Romans 12:3 “For I say, through the grace given unto me, to every man that is among you, not to think of himself more highly than he ought to think; but to think soberly, according as God hath dealt to every man the measure of faith.”
Not feeling in control over your work or work environment can be a risk factor for job burnout and yet often there is little we can do to change it.
There may be some opportunities to choose a different work shift or work with different people in a different role but most likely we will have to deal with the work environment as it is if we want to continue in our current job and/or position. Sometimes our workplace struggles are of our own choosing because of desired and increased upward mobility opportunities. While added responsibilities and increased mobility are usually financially compensated, often the added work load produces greater stress and risk for job burnout. We can also be our own negative contributors to workplace woes by having a complaining attitude towards others. The Bible instructs us to be both content with our wages and not to strive too hard for greater position, more authority, or higher salary. Scripture also teaches us to be kind to others regardless of whether that kindness is repaid. This holds true whether we work with other believers or not.
Hebrews 13:5 “Let your conversation be without covetousness; and be content with such things as ye have…”
Luke 3:14 “…and be content with your wages.”

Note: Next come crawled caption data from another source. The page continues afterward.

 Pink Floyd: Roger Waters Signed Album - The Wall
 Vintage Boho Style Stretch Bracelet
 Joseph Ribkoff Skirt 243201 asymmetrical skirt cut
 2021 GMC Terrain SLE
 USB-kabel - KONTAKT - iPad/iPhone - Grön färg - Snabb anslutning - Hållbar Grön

Proverbs 23:4 “Labour not to be rich: cease from thine own wisdom.”
Ecclesiastes 6:7 “All the labour of man is for his mouth, and yet the appetite is not filled.”

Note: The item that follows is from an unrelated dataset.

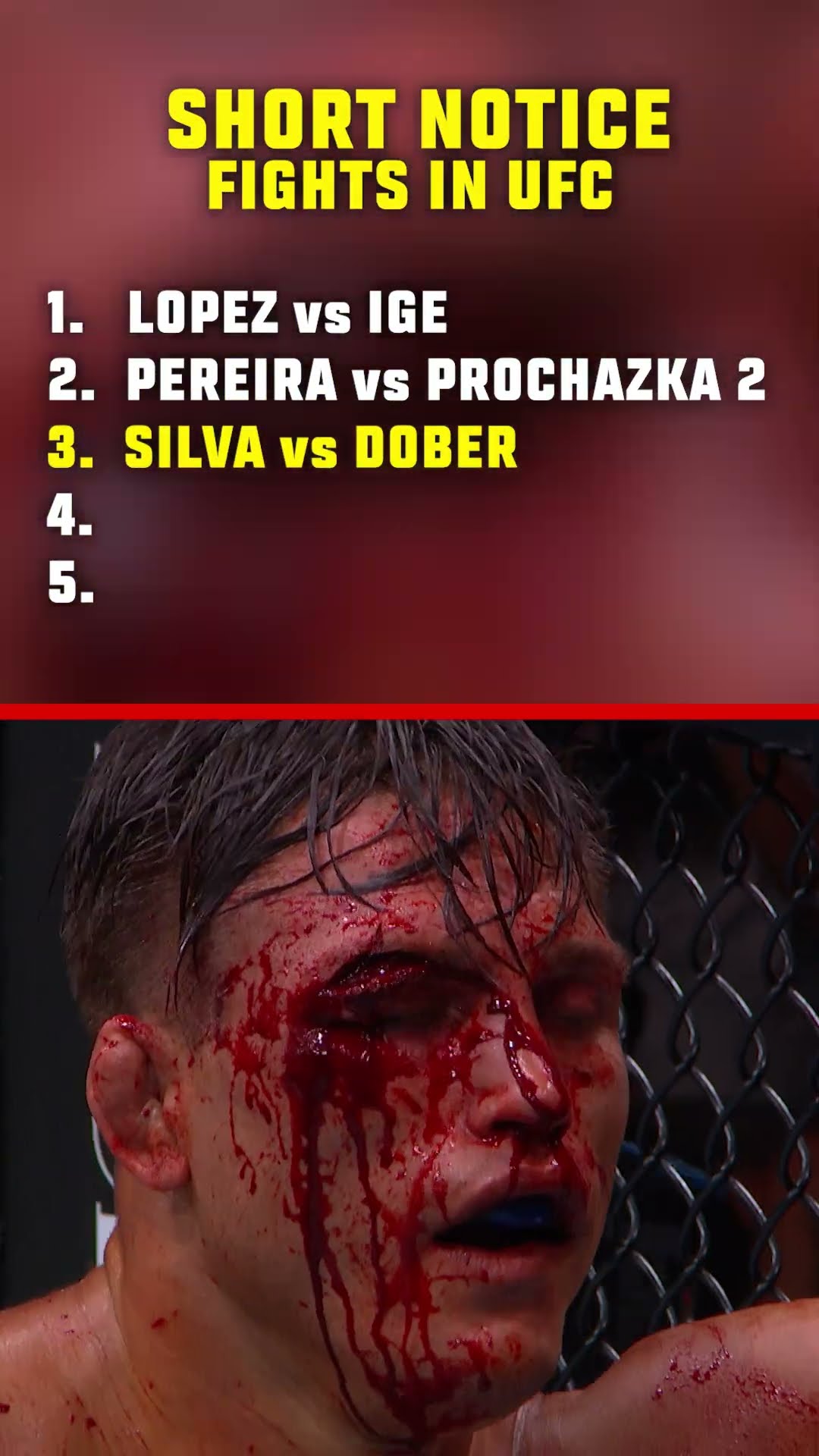 TOP 5 SHORT NOTICE FIGHTS ?
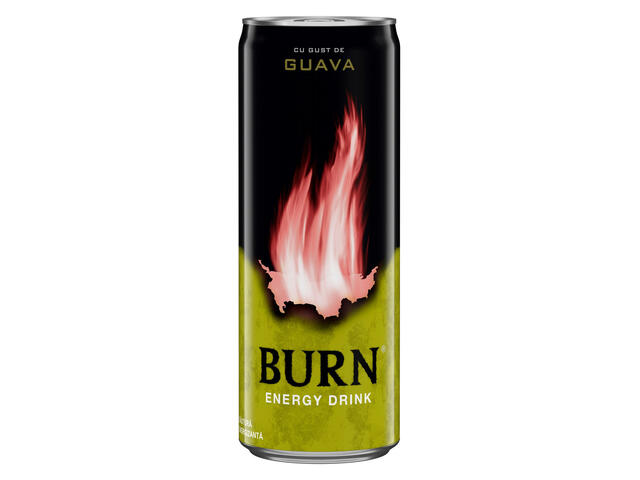 Bautura energizanta cu gust de guava Burn, 0.25 l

Proverbs 13:11 “Wealth gotten by vanity shall be diminished: but he that gathereth by labour shall increase.”
Romans 12:10-11 “Be kindly affectioned one to another with brotherly love; in honour preferring one another; Not slothful in business; fervent in spirit; serving the Lord;”
Trying to establish and maintain a proper balance between work and our personal lives can be difficult but is a positive step toward decreasing the likelihood of experiencing job burnout. Looking for a different shift or specific role or even another job are all avenues to prayerfully consider. While finding a different career is not easy in today’s job world, it may be necessary if career stress and job burnout reach a critical point. Critical points of job stress may include: depression, sickness, and other limiting physical problems. Remembering our first obligation is to serve God and to also keep our ambitions in check may help us avoid the crippling effects of job burnout.
Ecclesiastes 2:19-24 “For what hath man of all his labour, and of the vexation of his heart, wherein he hath laboured under the sun? For all his days are sorrows, and his travail grief; yea, his heart taketh not rest in the night.This is also vanity.There is nothing better for a man, than that he should eat and drink, and that he should make his soul enjoy good in his labour. This also I saw, that it was from the hand of God.”
Colossians 3:23-24 “And whatsoever ye do, do it heartily, as to the Lord, and not unto men; Knowing that of the Lord ye shall receive the reward of the inheritance: for ye serve the Lord Christ.”